*** Dataset entries ***
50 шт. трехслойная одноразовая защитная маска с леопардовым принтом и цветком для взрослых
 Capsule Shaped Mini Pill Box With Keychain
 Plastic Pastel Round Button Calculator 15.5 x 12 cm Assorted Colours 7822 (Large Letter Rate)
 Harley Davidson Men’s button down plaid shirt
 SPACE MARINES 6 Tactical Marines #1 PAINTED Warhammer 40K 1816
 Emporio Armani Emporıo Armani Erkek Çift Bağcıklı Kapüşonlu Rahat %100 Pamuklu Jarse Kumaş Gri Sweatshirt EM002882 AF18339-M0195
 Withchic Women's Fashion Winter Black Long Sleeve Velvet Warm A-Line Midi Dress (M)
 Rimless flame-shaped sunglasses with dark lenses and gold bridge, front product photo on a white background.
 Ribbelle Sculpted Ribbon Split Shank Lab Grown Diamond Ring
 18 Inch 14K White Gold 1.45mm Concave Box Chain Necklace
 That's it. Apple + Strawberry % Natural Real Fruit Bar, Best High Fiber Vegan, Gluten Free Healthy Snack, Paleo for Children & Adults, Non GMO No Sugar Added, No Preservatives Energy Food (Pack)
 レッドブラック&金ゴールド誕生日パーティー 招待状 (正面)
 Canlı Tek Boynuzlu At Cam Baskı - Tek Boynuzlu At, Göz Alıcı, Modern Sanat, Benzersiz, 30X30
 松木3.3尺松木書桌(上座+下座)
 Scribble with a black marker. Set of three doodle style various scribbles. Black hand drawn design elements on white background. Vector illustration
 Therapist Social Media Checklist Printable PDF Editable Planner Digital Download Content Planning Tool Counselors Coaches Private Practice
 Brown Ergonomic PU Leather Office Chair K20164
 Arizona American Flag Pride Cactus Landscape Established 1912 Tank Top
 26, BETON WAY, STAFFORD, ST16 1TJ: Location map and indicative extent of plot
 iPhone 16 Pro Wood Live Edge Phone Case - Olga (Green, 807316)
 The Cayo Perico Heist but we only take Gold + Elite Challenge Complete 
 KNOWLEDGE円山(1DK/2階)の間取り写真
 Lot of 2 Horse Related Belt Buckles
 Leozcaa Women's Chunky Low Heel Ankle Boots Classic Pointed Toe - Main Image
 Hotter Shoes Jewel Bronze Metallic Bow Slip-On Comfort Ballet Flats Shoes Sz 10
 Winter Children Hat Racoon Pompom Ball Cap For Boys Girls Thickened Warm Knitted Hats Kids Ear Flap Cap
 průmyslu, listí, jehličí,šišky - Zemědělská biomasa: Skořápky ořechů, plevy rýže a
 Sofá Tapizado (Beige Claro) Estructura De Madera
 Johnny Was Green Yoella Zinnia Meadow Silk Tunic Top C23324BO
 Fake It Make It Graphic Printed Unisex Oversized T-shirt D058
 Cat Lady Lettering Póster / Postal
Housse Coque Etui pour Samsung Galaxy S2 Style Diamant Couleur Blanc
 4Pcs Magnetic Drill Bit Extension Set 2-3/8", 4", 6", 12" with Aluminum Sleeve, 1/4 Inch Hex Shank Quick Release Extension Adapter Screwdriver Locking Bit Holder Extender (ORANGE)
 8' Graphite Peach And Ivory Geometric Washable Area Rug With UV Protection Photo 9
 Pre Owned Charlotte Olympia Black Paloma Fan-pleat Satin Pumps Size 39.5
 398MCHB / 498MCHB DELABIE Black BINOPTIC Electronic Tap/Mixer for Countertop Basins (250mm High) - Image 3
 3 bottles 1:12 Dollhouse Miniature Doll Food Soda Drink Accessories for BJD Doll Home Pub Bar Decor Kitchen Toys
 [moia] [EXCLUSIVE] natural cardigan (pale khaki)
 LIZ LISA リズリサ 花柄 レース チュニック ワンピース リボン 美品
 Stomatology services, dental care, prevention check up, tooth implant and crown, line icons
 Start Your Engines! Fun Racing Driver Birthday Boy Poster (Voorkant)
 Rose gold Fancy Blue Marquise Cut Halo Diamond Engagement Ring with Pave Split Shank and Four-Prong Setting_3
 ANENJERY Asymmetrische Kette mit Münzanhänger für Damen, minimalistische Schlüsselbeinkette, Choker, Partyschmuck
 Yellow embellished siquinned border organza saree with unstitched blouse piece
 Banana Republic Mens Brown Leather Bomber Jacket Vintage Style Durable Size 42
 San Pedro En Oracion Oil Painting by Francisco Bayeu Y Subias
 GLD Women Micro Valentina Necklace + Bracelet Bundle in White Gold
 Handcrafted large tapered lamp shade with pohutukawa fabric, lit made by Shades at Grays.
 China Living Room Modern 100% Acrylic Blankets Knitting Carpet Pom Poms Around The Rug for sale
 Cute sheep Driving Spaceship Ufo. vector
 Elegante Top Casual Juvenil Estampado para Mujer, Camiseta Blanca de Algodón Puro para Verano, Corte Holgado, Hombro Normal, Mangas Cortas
*** End of Dataset entries ***
What to produce:
Keep both end lines and retype everything in the records above from the line containing "Housse Coque Etui" through the line containing "Pre Owned Charlotte", exactly, with nothing else.

Solution:
Housse Coque Etui pour Samsung Galaxy S2 Style Diamant Couleur Blanc
 4Pcs Magnetic Drill Bit Extension Set 2-3/8", 4", 6", 12" with Aluminum Sleeve, 1/4 Inch Hex Shank Quick Release Extension Adapter Screwdriver Locking Bit Holder Extender (ORANGE)
 8' Graphite Peach And Ivory Geometric Washable Area Rug With UV Protection Photo 9
 Pre Owned Charlotte Olympia Black Paloma Fan-pleat Satin Pumps Size 39.5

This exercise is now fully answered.